Saturday was my grandson’s birthday party. It was fun, but well, a little odd. The party was at my son in laws’s brother’s house, a huge house south of the town I work in. They ended up getting way more snow than we did. We got stuck twice getting there, but when we left, the roads were OK. I was observing some things during the party. My daughter is struggling. Just trying to keep up with life and to present the perfect instragram life her peers all supposedly have. I saw her struggling and I saw her husband not sure what to do about it. I’m also aware of marital issues between the couple that hosted the party. As I sat and observed, God gave me an impression of something that shifted my mind significantly. He showed it to me with these two couples first, but then showed how it applied in my life.
Our wives are like the Check Engine lights for our hearts. When they are disconnected from us, discouraged, struggling, it means there is something wrong. Not just with them. If we are not coming beside them, supporting them and living them, there is something wrong in our hearts that is impacting them. I sure know this from my history.
When the Check Engine light comes on, we have choices.
First, we can just keep driving. I’ve done that. Decided I was to busy to deal with whatever “her problems” were and that I just needed to keep moving and keep the ship afloat. I knew there were problems but I couldn’t or wouldn’t take the time to deal with them.
Second, we can put a piece of black tape over the light and pretend it’s not lit up. Denial and I are old friends. I’ve spent a lot of time denying that there were issues or saying that our issues were nothing compared to others we knew.
Third, we can buy one of those code scanners and erase the code, hoping it won’t come back. Appeasement. Buy her some flowers, take her to dinner, half heartedly go to some conference with her. The light might go out for a while, but it will be back.
Lastly, we can work to fix the problem. Find an expert. A counselor or pastor you can trust. Be vulnerable with her, remember why you fell in love with her. Fix the problem because it’s your problem. Even if it’s hers.
Traveling today.
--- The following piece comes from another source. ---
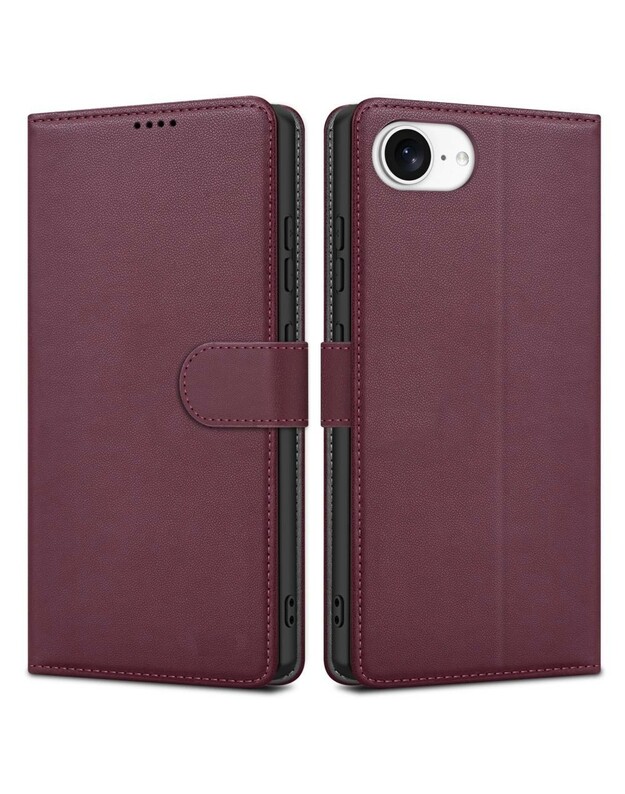 Dėklas Fancy Wallet Xiaomi Redmi 13C/Poco C65/Poco M6 5G tamsiai raudonas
I may post more later about out counseling trip. The counselor liked my Check Engine thing.
This is really insightful stuff JQ. Are you going to share this with your son-in-law? Just curious.
Have a great day bro. Your knockin' this out of the park!
I’m working on developing the message and then I plan to share it with him.
Cool analogy. Very Christian in the sense of putting responsibility in our hands as husbands to do right by our wives. I can do better about that this week. Thanks for the motivation.
Had to be God. I’m not that smart.
Dealing with frustrating issues today. I came out west to help run a clinic with our new platform. It didn’t work well and we failed back to our old platform. Meanwhile all of our users on the health system side are suddenly having trouble with system performance. But of course nothing has changed on the corporate network. Except of course when I ask about certain things. Well, we did change that. But it shouldn’t affect it. And we did change that other thing. But it shouldn’t affect it.
Monty Python and the Holy Grail... Well we did do the nose. And the hat.
So anyway, I’m 3 1/2 hours from home. Probably in @hopefuldude territory. And I’m stuck here until we finish this clinic. I probably won’t get home until at least 7:00 tonight and I don’t dare stay here tonight because snowmageddon is bearing down on us.
I’m in a pissy mood. I feel like we are spreading ourselves too thin and we are failing our customers. We are not providing the level of support that I expect. And it’s not the fault of our support staff. It’s a leadership problem. I’m part of the problem because I have not stood up and said no. But those above me are committing us to too many things at the same time. I need to start saying no.
The frustration has me wanting relief. In the worst way. And that would be the worst way.
I’m putting my talking points together tonight. This has to stop.